Will EPA Crucify Consumers, Too?
EPA regional administrator, Al Armendariz, was in hot water this past week for his embarrassing Romanic/Soviet slip about how he really feels about petro-capitalism. We lumpen-proletariat of New Mexico are quickly learning that he pretty much feels the same way towards us. Most of the state's electrical consumers get their power through Public Service Company of New Mexico's (PNM) coal-fired, San Juan Generating Plant, located in the sparsely populated, Four Corners region of the state. Since the Obama Administration took power, the EPA and its Region 6, Imperial tribune, the aforementioned Albius Armendarius, have been issuing draconian edicts from on high regarding the forty year old plant and its future.
It's no secret that the greenies in the Democratic Party would like to feed the entire coal industry and coal-fired utility plants to the lions. And as Armendariz' crucifixion comments demonstrate, their way of doing that is unapologetically forceful, apparently similar to their campaign to make gasoline so prohibitively expensive we'll all rush to buy those electrifying Chevy Volts. Except that this campaign is to conversely make electricity so prohibitively expensive from traditional, coal-powered sources that we'll all rush out and buy solar panels or wind turbines for our homes.

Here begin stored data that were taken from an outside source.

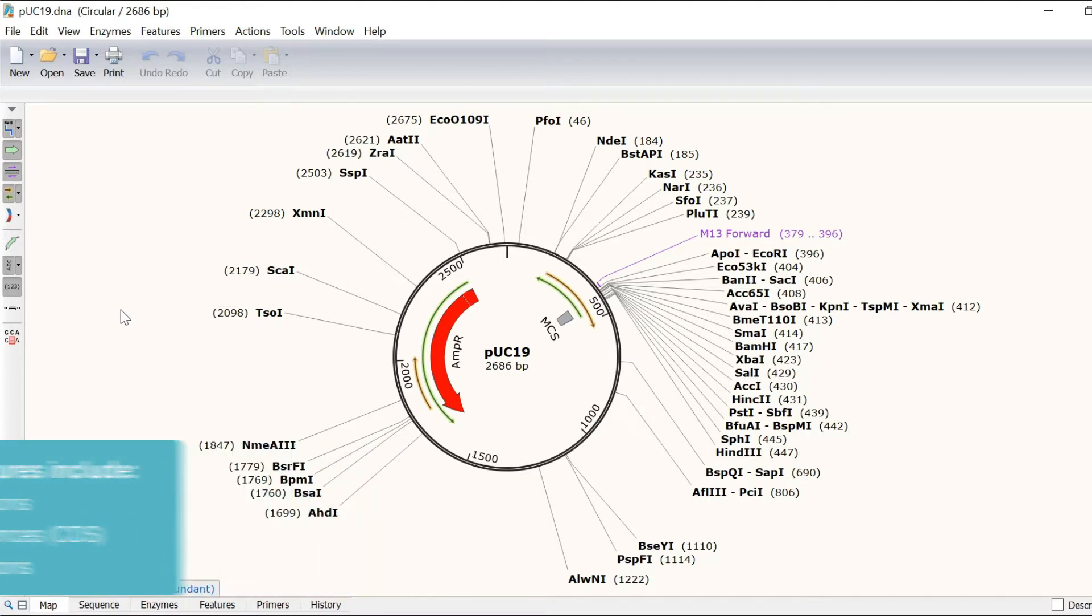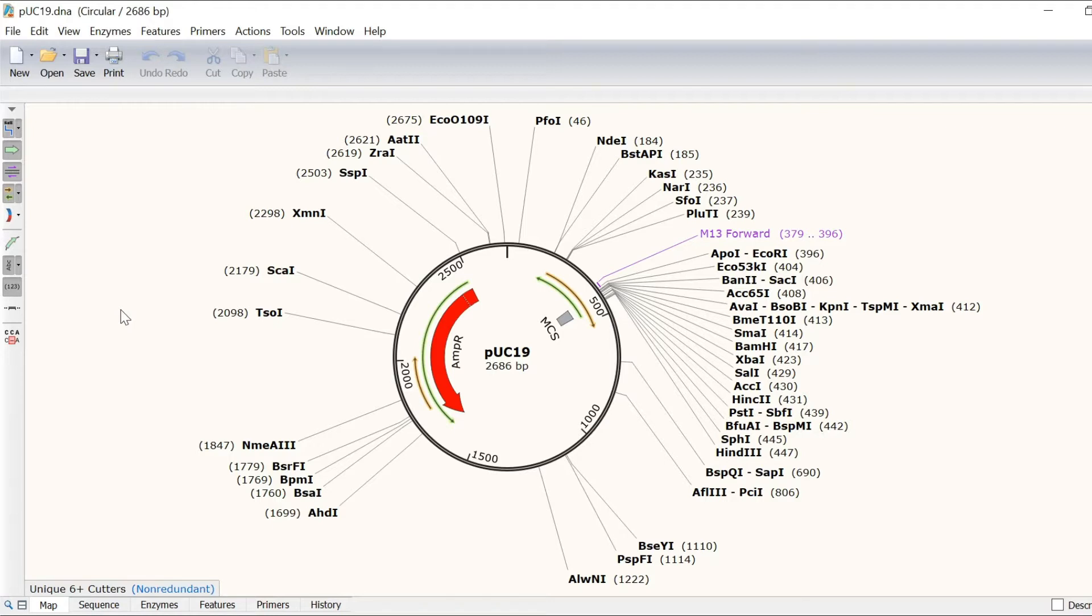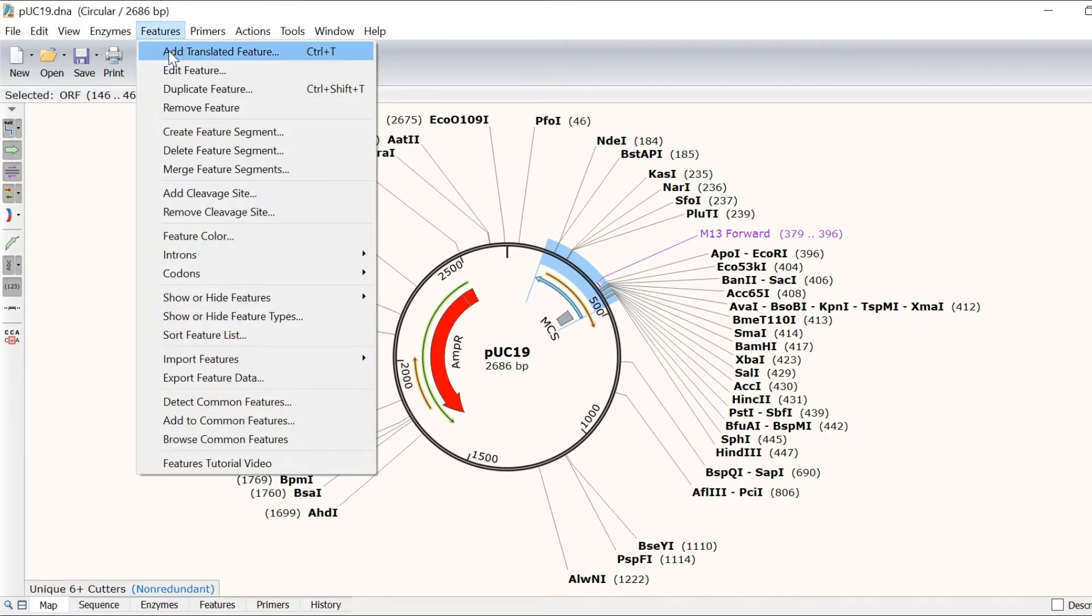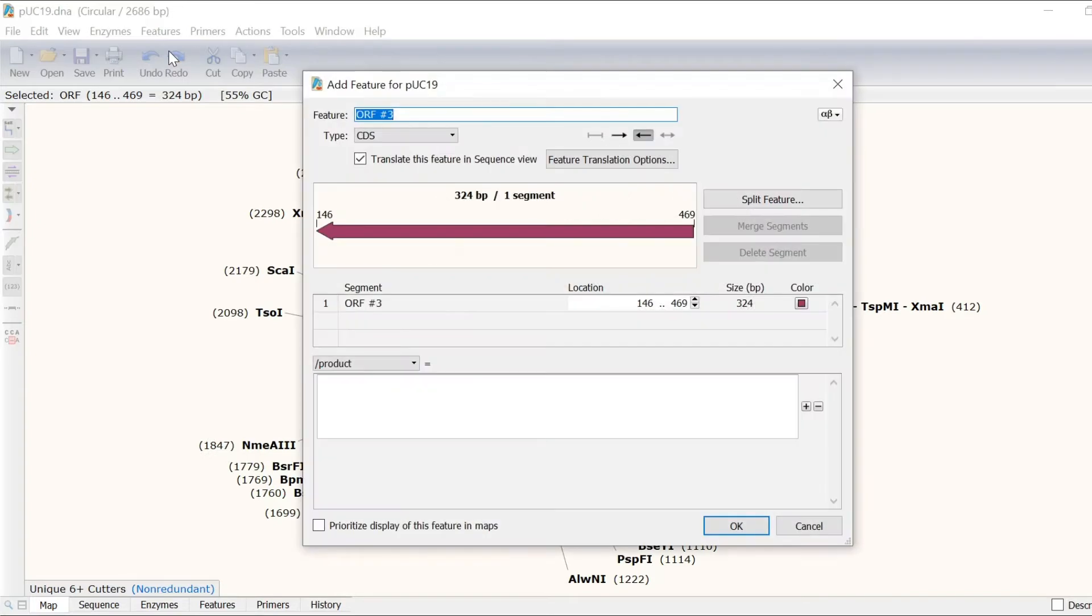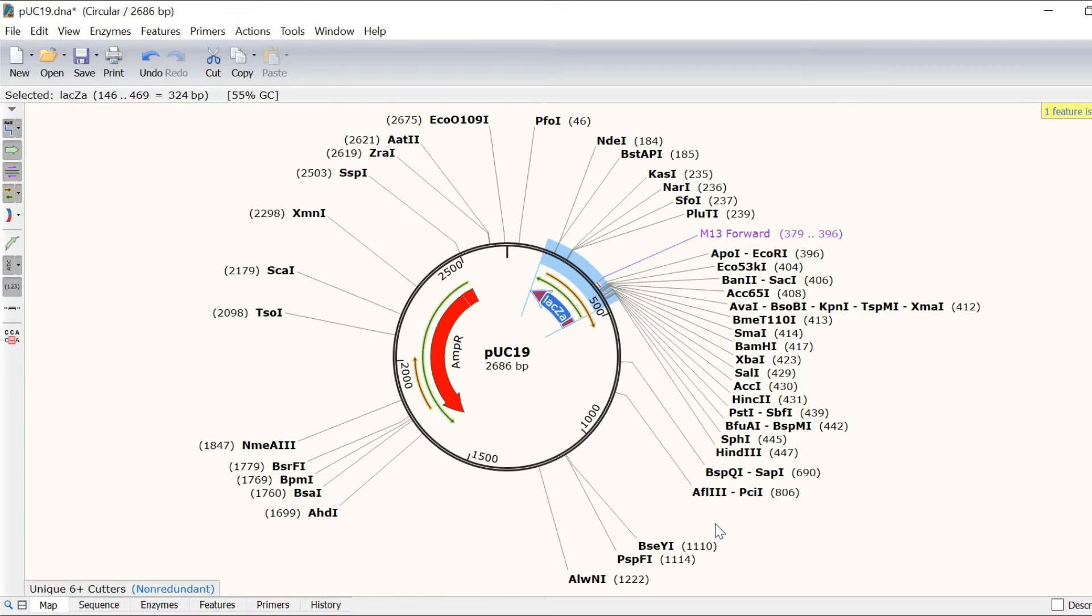But features can also be added manually by simply selecting or highlighting a region of interest. For example, I will annotate this open reading frame as a feature by selecting it and going to features, add translated feature. I will call this feature LACZa since it codes for the LACZ alpha fragment of the beta galactosidase gene.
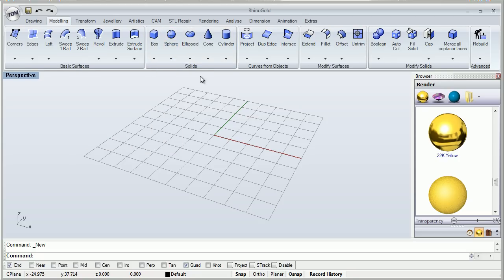RhinoGold allows us to model in 3D in curves, solids and surfaces. In the future we will talk about surfaces and solids too.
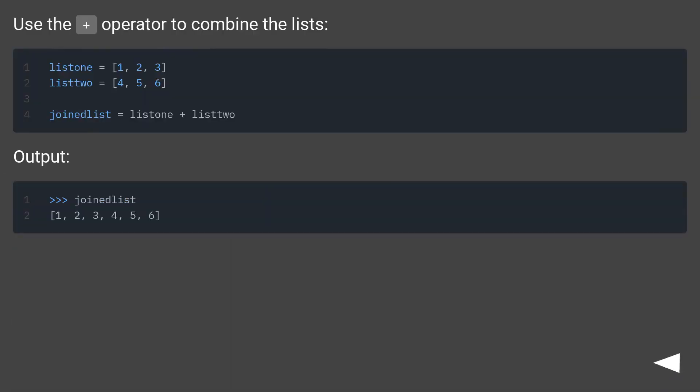Use a plus operator to combine the lists. Output.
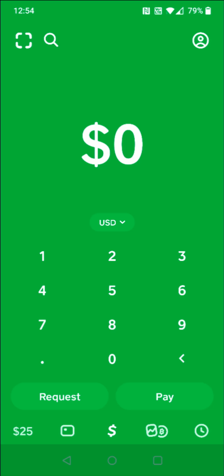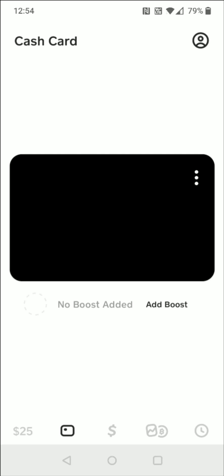And now when we go down to the little credit card image towards the bottom left hand corner area we can click on that. And that'll take us over to our Cash Card page, which is going to have our card number as well as the expiration date and CVV code that is associated with our Cash App card.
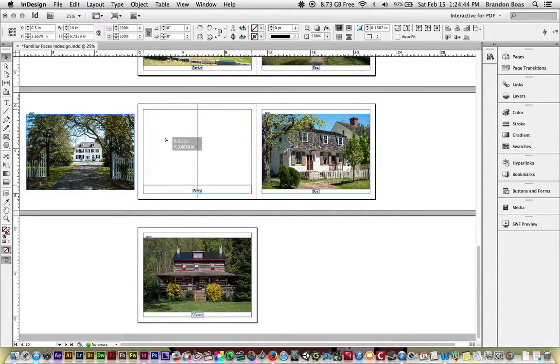You'll also notice that we sometimes get pink lines. These pink lines show up when you're in the middle of a page, telling you that it's centered.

Armendariz has been employing EPA muscle and intimidation to force PNM to retrofit the aging plant with green technology that the EPA estimates will cost $350 million, but which the utility company says actually will cost them, and therefore their customers, more like $750 million. Further, PNM says there is technology available that will accomplish the same reduction in pollutants for approximately $75 million, but so far EPA has been unwilling to back off from the more drastic and expensive option.
Recently, two New Mexico Public Regulatory Commission members have proposed a third, less expensive, as well as far more sensible, alternative. Commissioners Jason Marks and Douglas Howe believe that rather than spend hundreds of millions to refurbish old technology, PNM should begin a gradual conversion of the plant to natural gas-powered electrical generation, one generating unit at a time. They say that with the first conversion of a single one of the four electrical generation units, the EPA pollution reduction goal would be met and at a huge savings to PNM and its ratepayers.
This past week, NM Governor, Susana Martinez, weighed in with a letter to EPA in Washington requesting that the agency be willing to compromise and help find that solution which best serves the environment and her constituents. In a Sunday editorial, the Albuquerque Journal (subscription required) questions whether Armendariz will choose to make an example of New Mexicans with his crucifixion tactics or whether the Obama administration will be perhaps more reasonable in an election year.
Reasonable? Obamanero? He who dribbles while home burns? We are asked to believe that an administration that always finds a way to fund the most expensive boondoggle available will somehow this time choose the common-sense, least-expensive option? If you believe that, I've got an as-yet, unused cross I'll let you have cheap. If you're a Democrat environmentalist, I'll throw in the nails free.